7-18-16
Went to a party at Emilie and Logans farm yesterday. It was something they put together for the people that buy food from them, not a gathering of friends - since none of the people really knew each other - but a get-together to show people where their food is coming from and where their money is going. 30 people, give or take, who all seemed like decent, friendly people who enjoyed what they were doing and where they were. There was some excellent food served and apparently a couple of guys brought some good beer from their brewery. There were a few kids, all under 5, I think, that were well behaved and much less of a nuisance than I expect from kids of any age. Nice day too, hotter than shit, but at least there was a breeze.
I spent most of the time between 3 and 9:30pm sitting inside on the couch or in the guest bedroom, simultaneously wishing that I had someone to talk to and that I could just be alone and very far away. I was uncomfortable in a very specific, shitty way. Not knowing anyone is one thing, but not having anything in common with a bunch of people who clearly have a lot to talk about with each other - even though they were mostly strangers - is shitty. The normal social lubricants were off the table, for me anyways, I'd rather not talk than act stupid and Dad and Em would get uncomfortable if I were drinking. Besides, my awkwardness had far outpaced the abilities of gluten-free craft beer within the first 1/2 hour. It would've taken a lot of cocaine, or maybe some DMT, to break that ice.
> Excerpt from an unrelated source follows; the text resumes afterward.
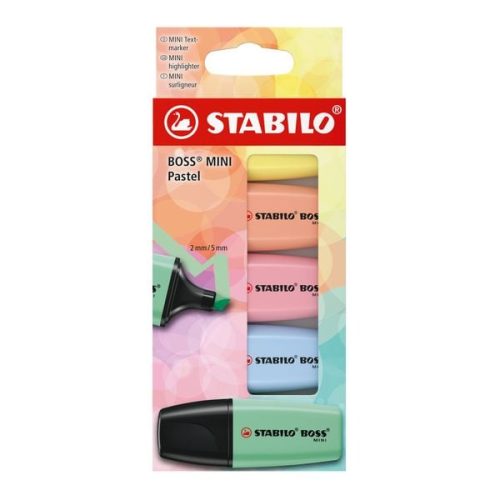 STABILO, STABILO Boss mini 2-5mm 07/5-2-02 Etui 5 St&uuml;ck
It wasn't that I was terrified of talking to people, they were the least threatening people I've met in a long time, but there's a disconnect between me and those people. A few charitable souls approached me throughout the evening but as soon as soon as the initial smalltalk was finished I became immediately bored as fuck with what we were talking about and hoped they would go find someone else to talk to about permaculture and guinea hens, and then they would and I would wish they were still there. I grew impatient with (what I considered to be) their polite, inane attempts to be nice to somebody they didn't have much in common with and weren't interested in. Also, the constant glances at my tattoos and hints that they'd known Emilie long enough to know that her brother was in prison, gave me the impression they wanted to know some stuff they weren't comfortable asking.
This had more to do with me than them. They were, after all, very nice people. I just didn't want to have forced conversations with them, it was brutal. Especially since nearly any discussion of my life over the last 12 years would make one or both of us uncomfortable. I don't have any stories about livestock or helpful knowledge of cross pollination to share.
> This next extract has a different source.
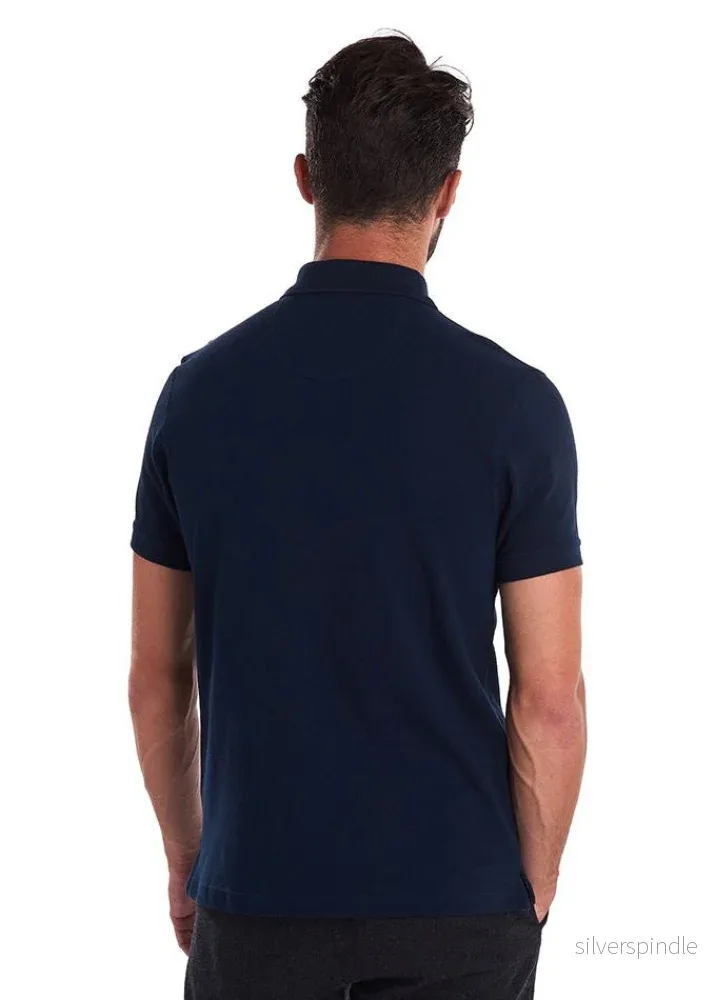 Barbour Tartan Pique Polo Navy - Bild 3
This was fine though because none of what was going on was about me. If I'm socially awkward around people that aren't criminals (still completely comfortable around the total strangers in the waiting room at the parole office, no uneasiness there), it doesn't take away from how great the Tweardies are doing.
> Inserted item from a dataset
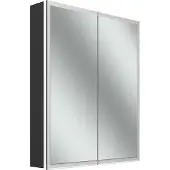 Schneider GLOW D2W Spiegelschrank, 2 Türen 30/30cm, 613x136x736mm, rundum Beleuchtung, Dim2Warm, 218.063.02.44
It was a success all around, and while I didn't want to be there - and wouldn't have gone if Dad hadn't said we were going to leave after a couple of hours, which he knew was a lie. I was more upset with him than anything else. I told him I wasn't comfortable going but wouldn't mind it if we were only there for a couple of hours. He told me he was only planning on stopping by for a little bit anyway so it didn't seem like a big deal. But he brought us there way before anyone else showed up - earlier than Emilie had told us to show up - and kept us there as long as he could before leaving. Emilie basically told us to leave because she didn't need help cleaning up and they were going to sit outside and drink with their friends for a while. What was worse: the few times I was talking to anybody I would try to involve him in the conversation so he wouldn't just be standing around by himself, and he would physically boxed me out of the circle of people I'd been talking to! Suddenly I'm standing there with him between me and the people and I'm wondering what the fuck happened. I would try to stay involved but he would manage to move between me and them and completely act as if I weren't standing there. I've heard my mom talk about him doing that forever and was never sure how much truth was to it, now I feel bad for her. After having that happen a few times, I spent the rest of the day hiding out in the house like a teenager.
The word "alienated" occurs to me a lot lately because the term "alien" describes how I feel pretty well. Situations like that make me realize how far apart I feel from most people. The way I've learned to treat people, to behave, and to think about and interpret things, is all so different from the accepted way of doing things that I feel like I'm speaking a different language sometimes. Not just because I feel out of place, but because of how backwards all the shit everyone else is doing seems. Leaving Stillwater and coming to a place like this feels like landing among an aliens that look and talk and act human, but never quite get it right so there's always a cue telling me (and them), that we're not the same.